Tampa Bay is a heartening exception right now. We'll see how long they can stay where they are.
― clemenza, Saturday, 14 April 2012 21:36 (twelve years ago) link
i can see the jays and rays being the 1-2 punch in the al east in a couple of years, though it won't be easy. feel like the yanks and esp. the bosox are on the cusp of possibly being mediocre for several seasons. depends on how they roll in free agency but imo those are squads that could collapse at any time.
― omar little, Saturday, 14 April 2012 21:40 (twelve years ago) link
My math needs some work.
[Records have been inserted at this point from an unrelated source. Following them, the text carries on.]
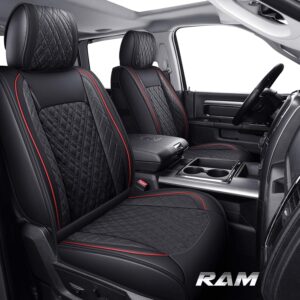 5. YIERTAI Seat Cover for Ram 1500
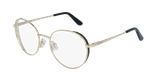 LUNETTES DE VUE femme GU2700 doré/noir - vue de 3/4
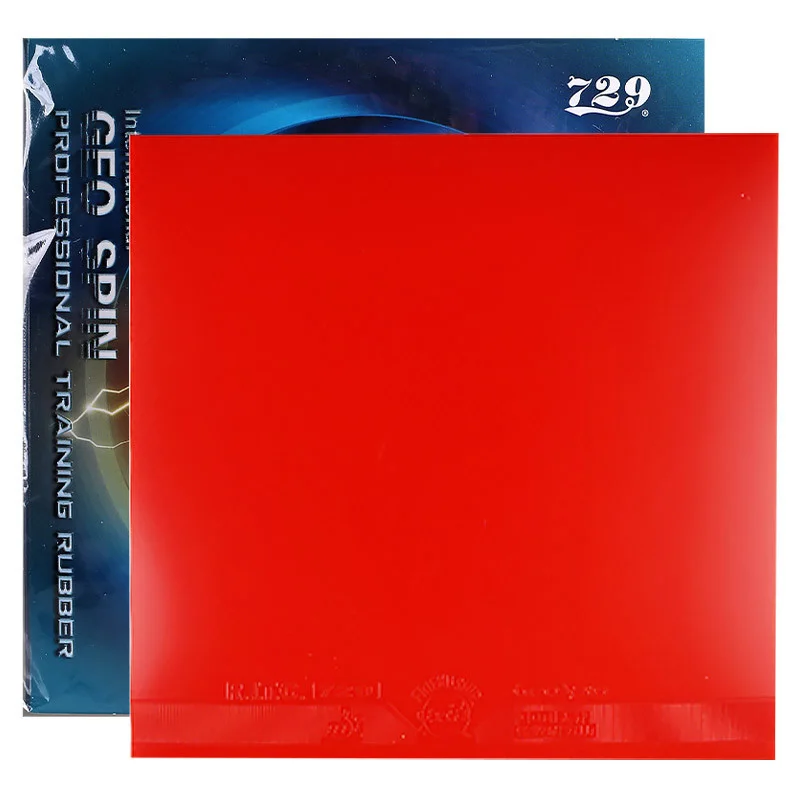 729 Friendship GS Training Table Tennis Rubber RITC Geo Spin Ping Pong Rubber Soft and Good Control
Twenty one years ago was 1991; the Jays had a couple of pretty successful years after that.
― clemenza, Saturday, 14 April 2012 21:46 (twelve years ago) link
Uh hay u guys, the average win % for MLB teams is .500 -- competitive balance!
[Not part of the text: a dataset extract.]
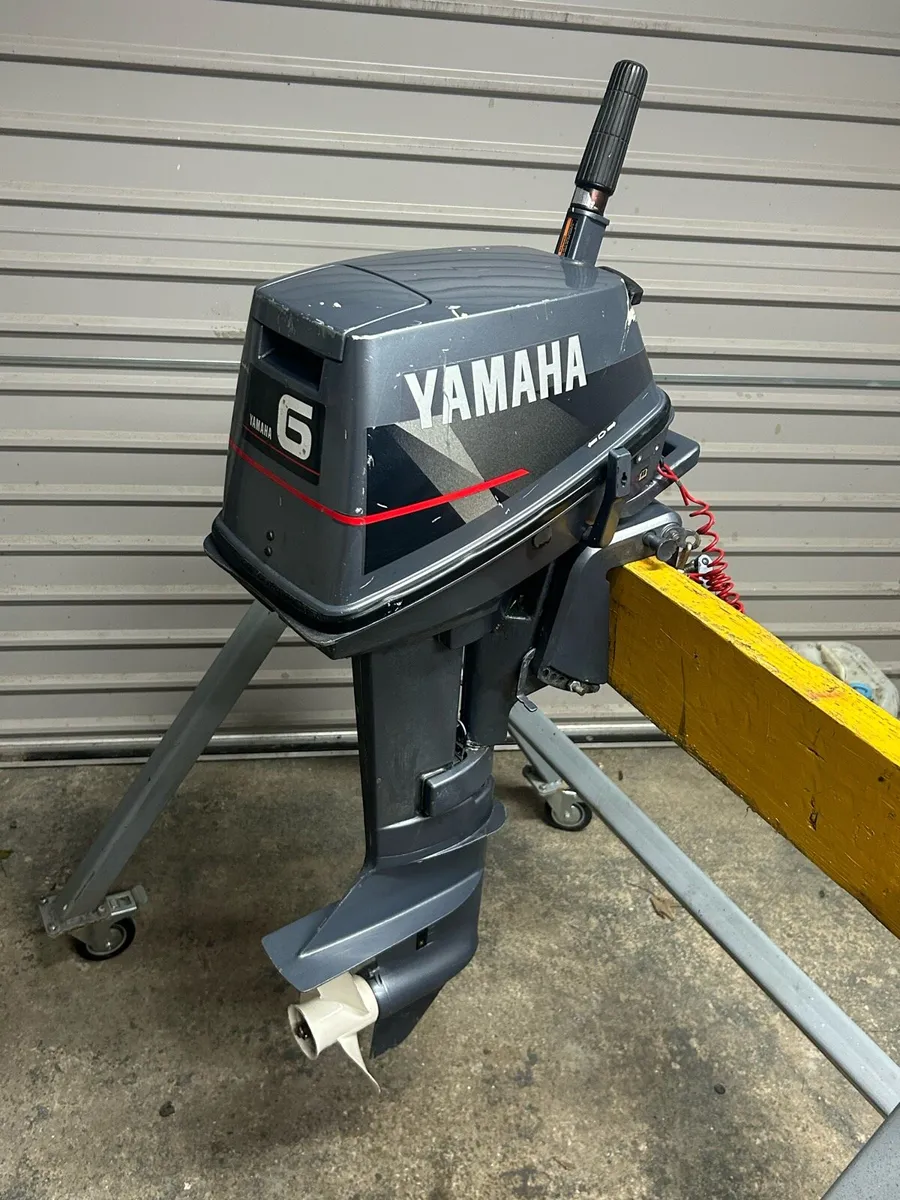 Yamaha 6hp 2 Stroke Outboard engine - Image 2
― Où sont le Lord Custos d'antan? (Leee), Saturday, 14 April 2012 22:17 (twelve years ago) link
So for years and years cable companies were just letting baseball teams skate by with small broadcast fees? I don't get where the explosion in money is. It seems like a bubble to me.
― Kiarostami bag (milo z), Saturday, 14 April 2012 22:38 (twelve years ago) link
The Royals argument here is coming down more along the lines of punishing players - the Royals lost them because they got six years of major league service at below-market rates and then lost them to teams that were willing to pay market rates.
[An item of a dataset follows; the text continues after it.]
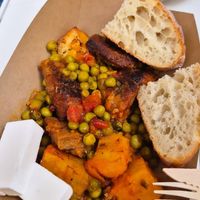 Traditionally Greek homemade meals for a decent price. Very good taste and perfect portion size. Not too much and not too little. at Kitsune Athens Bistrot in Athens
It's worth remembering that teams get a lot of time with young players before they're free agents - for great players, that's the age 27/28 season, for good players it's often age 31/32, when players are already declining. Outside of a few players (Poooooo-holes, etc.), free agency is a pretty shitty way to build a winning team. And even those players hold the risk of sinking the team they sign with near the end of the contract (Poooooo-holes again).
― Kiarostami bag (milo z), Saturday, 14 April 2012 22:41 (twelve years ago) link
"the royals have the best farm system in baseball right now, what do you think is gonna happen?"
Screw it up! That's because they are the ROYALS! Not because they can't afford them.
― Fig On A Plate Cart (Alex in SF), Saturday, 14 April 2012 22:43 (twelve years ago) link
a few years old, but includes the average age of free agents signing long deals: http://baseballanalysts.com/archives/2006/03/longterm_free_a.phppitchers: 31.6hitters: 30.5
those players were drafted at age 17-22, that's a lot of time to be tied up in the minors, on rookie-through-third-year contracts (teams get to decide what to give you out of the goodness of their hearts) and arbitration (which is better but still players much less than they could offering their services openly).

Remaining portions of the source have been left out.